Data shown START

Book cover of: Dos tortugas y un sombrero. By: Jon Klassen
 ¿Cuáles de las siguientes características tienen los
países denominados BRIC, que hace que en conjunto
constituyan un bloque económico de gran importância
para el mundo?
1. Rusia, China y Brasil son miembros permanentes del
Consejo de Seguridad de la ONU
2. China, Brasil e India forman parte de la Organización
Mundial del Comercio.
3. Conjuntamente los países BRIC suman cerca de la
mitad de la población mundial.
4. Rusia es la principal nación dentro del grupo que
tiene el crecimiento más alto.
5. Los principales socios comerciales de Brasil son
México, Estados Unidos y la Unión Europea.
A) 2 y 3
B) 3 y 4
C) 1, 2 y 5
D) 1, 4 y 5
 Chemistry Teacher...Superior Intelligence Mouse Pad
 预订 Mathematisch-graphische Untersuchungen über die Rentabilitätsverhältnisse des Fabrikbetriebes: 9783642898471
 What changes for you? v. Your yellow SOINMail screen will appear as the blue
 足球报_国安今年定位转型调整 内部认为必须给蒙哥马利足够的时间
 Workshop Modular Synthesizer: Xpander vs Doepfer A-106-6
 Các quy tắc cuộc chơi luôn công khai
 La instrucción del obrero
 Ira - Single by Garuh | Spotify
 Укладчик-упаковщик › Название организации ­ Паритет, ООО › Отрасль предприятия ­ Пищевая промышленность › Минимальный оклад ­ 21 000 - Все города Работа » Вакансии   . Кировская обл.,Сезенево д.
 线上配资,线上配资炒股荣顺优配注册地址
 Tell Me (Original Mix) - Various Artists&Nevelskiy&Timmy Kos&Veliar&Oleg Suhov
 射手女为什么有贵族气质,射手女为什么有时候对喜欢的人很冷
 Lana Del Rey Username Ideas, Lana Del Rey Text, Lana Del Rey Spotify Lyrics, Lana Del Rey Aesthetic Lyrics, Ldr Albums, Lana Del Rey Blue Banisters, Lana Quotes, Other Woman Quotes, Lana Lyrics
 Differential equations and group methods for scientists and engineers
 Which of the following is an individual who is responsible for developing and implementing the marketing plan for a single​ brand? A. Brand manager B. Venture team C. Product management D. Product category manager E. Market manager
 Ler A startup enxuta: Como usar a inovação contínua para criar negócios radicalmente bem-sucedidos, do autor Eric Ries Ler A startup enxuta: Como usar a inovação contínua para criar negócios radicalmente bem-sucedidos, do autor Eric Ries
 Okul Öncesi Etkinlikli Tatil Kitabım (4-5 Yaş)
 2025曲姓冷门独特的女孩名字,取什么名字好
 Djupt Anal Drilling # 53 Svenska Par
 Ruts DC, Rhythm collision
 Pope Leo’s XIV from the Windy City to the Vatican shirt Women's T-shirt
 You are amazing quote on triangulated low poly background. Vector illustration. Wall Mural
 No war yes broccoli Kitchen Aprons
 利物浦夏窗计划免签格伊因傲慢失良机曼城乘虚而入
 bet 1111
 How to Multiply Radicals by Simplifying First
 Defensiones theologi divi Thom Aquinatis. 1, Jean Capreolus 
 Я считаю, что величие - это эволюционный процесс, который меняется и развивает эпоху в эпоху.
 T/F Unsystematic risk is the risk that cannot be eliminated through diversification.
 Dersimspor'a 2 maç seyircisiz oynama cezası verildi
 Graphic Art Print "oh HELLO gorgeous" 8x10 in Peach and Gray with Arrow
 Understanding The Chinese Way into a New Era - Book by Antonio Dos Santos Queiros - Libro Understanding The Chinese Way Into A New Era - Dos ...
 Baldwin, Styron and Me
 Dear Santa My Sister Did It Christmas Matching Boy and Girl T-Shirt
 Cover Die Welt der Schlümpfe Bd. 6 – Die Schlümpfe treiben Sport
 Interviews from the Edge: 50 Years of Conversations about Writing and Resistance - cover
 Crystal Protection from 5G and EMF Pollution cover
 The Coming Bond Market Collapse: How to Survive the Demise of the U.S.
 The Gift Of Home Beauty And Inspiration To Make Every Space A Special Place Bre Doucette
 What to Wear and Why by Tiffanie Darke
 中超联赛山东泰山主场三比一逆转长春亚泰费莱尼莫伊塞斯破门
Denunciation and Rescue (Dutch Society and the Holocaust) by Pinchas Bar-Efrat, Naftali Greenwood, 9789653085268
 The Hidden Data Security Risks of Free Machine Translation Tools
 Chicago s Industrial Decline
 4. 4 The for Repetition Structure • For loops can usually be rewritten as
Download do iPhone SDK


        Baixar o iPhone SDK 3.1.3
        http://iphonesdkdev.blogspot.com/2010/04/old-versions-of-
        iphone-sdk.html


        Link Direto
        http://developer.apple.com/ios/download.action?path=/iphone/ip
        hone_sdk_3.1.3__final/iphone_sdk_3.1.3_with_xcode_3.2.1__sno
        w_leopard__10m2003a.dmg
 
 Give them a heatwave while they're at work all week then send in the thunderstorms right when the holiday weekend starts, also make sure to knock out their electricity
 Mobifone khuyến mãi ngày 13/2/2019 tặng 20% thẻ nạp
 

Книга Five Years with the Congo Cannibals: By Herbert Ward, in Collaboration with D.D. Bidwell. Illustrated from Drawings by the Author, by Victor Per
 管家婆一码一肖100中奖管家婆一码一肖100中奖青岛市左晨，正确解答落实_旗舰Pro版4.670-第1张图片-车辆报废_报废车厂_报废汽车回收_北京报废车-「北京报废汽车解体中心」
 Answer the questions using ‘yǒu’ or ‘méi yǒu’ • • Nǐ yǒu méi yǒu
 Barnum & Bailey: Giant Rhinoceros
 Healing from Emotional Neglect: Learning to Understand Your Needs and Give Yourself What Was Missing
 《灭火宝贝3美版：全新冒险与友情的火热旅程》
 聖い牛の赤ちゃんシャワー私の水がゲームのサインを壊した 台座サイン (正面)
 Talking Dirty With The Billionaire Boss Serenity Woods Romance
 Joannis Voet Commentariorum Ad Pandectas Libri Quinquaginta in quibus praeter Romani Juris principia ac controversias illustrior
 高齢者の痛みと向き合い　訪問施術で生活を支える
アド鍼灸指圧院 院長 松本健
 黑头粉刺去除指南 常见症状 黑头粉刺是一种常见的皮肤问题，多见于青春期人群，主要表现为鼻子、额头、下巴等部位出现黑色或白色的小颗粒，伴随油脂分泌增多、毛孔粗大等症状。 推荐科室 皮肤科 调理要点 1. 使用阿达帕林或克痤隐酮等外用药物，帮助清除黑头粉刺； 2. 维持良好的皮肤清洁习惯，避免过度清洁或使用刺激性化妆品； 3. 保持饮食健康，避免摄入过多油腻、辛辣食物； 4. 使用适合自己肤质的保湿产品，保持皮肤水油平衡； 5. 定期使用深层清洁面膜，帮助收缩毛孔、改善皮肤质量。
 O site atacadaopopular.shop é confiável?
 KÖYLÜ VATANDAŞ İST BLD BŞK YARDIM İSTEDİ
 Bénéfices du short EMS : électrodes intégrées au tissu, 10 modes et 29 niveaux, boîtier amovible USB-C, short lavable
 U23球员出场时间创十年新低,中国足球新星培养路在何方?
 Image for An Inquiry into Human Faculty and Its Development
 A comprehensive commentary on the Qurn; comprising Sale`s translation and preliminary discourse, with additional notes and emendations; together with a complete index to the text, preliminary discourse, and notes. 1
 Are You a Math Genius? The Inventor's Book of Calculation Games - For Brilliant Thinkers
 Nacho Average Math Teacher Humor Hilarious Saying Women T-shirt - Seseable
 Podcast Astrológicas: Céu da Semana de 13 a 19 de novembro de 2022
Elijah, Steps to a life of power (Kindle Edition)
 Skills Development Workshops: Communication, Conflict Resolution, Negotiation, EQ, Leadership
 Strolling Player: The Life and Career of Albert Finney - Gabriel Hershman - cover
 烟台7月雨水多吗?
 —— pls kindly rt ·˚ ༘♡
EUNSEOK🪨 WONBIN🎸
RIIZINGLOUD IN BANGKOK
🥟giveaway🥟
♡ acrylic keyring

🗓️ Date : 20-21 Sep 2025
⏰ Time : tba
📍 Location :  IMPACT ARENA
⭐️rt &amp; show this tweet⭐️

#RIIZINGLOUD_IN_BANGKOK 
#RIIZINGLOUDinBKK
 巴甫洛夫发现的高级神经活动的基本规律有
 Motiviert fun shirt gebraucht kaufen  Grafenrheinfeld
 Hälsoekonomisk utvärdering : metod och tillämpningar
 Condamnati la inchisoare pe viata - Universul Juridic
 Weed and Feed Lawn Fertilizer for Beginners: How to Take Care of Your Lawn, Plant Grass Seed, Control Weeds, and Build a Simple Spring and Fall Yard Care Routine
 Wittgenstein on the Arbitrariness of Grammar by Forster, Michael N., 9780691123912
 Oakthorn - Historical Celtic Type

Data shown END

Directions:
Reproduce the entries above exactly, but only the lines between the line holding "高齢者の痛みと向き合い　訪問施術で生活を支える" and the line holding "巴甫洛夫发现的高级神经活动的基本规律有", inclusive.

Solution:
 高齢者の痛みと向き合い　訪問施術で生活を支える
アド鍼灸指圧院 院長 松本健
 黑头粉刺去除指南 常见症状 黑头粉刺是一种常见的皮肤问题，多见于青春期人群，主要表现为鼻子、额头、下巴等部位出现黑色或白色的小颗粒，伴随油脂分泌增多、毛孔粗大等症状。 推荐科室 皮肤科 调理要点 1. 使用阿达帕林或克痤隐酮等外用药物，帮助清除黑头粉刺； 2. 维持良好的皮肤清洁习惯，避免过度清洁或使用刺激性化妆品； 3. 保持饮食健康，避免摄入过多油腻、辛辣食物； 4. 使用适合自己肤质的保湿产品，保持皮肤水油平衡； 5. 定期使用深层清洁面膜，帮助收缩毛孔、改善皮肤质量。
 O site atacadaopopular.shop é confiável?
 KÖYLÜ VATANDAŞ İST BLD BŞK YARDIM İSTEDİ
 Bénéfices du short EMS : électrodes intégrées au tissu, 10 modes et 29 niveaux, boîtier amovible USB-C, short lavable
 U23球员出场时间创十年新低,中国足球新星培养路在何方?
 Image for An Inquiry into Human Faculty and Its Development
 A comprehensive commentary on the Qurn; comprising Sale`s translation and preliminary discourse, with additional notes and emendations; together with a complete index to the text, preliminary discourse, and notes. 1
 Are You a Math Genius? The Inventor's Book of Calculation Games - For Brilliant Thinkers
 Nacho Average Math Teacher Humor Hilarious Saying Women T-shirt - Seseable
 Podcast Astrológicas: Céu da Semana de 13 a 19 de novembro de 2022
Elijah, Steps to a life of power (Kindle Edition)
 Skills Development Workshops: Communication, Conflict Resolution, Negotiation, EQ, Leadership
 Strolling Player: The Life and Career of Albert Finney - Gabriel Hershman - cover
 烟台7月雨水多吗?
 —— pls kindly rt ·˚ ༘♡
EUNSEOK🪨 WONBIN🎸
RIIZINGLOUD IN BANGKOK
🥟giveaway🥟
♡ acrylic keyring

🗓️ Date : 20-21 Sep 2025
⏰ Time : tba
📍 Location :  IMPACT ARENA
⭐️rt &amp; show this tweet⭐️

#RIIZINGLOUD_IN_BANGKOK 
#RIIZINGLOUDinBKK
 巴甫洛夫发现的高级神经活动的基本规律有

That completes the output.